The purpose of this guidance is to highlight key privacy considerations for financial services entities when handling this information. It does not cover the entirety of an entity’s privacy obligations and it should be read in conjunction with the Privacy Act and the APPs, the Regulations, the Australian Privacy Principles guidelines and other OAIC resources referred to in this guidance.
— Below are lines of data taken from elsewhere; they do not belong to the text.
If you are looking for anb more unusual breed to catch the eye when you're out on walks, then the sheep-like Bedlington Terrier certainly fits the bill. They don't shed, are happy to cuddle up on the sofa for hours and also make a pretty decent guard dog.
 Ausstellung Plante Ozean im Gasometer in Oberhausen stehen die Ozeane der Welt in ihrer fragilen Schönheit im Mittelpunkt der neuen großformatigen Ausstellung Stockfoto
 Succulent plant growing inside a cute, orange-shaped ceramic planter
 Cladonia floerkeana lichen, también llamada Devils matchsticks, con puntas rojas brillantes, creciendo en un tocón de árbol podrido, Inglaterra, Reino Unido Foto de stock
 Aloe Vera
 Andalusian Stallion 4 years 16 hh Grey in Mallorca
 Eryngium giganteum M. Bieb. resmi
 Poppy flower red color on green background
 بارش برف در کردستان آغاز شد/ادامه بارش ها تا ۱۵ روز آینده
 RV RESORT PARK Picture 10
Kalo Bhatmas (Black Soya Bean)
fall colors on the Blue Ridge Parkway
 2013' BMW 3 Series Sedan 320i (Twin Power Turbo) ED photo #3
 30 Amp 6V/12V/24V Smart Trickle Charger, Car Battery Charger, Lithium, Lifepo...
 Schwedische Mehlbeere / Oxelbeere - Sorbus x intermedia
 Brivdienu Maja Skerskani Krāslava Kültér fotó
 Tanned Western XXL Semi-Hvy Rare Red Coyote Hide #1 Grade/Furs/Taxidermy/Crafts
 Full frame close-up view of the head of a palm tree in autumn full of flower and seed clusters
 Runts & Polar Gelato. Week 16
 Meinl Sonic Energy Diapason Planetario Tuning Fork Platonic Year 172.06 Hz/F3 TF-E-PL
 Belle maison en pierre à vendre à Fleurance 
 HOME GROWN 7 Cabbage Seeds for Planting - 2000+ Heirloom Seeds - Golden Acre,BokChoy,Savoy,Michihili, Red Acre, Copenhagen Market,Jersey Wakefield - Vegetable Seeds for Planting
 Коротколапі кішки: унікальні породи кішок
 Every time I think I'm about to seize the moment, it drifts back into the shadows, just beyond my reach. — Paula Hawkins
Specified information or document
The Regulations enable a financial services entity to make a written request to a carrier or carriage service provider for ‘specified information’ or a ‘specified document’ (the information). The Regulations provide that the information includes one or both of the following:
- the government related identifiers (within the meaning of the Privacy Act) of one or more individuals who are, or were, customers of the carrier or carriage service provider
- personal information of a kind specified by the Minister in a notifiable instrument about one or more individuals who are, or were, customers of the carrier or carriage service provider.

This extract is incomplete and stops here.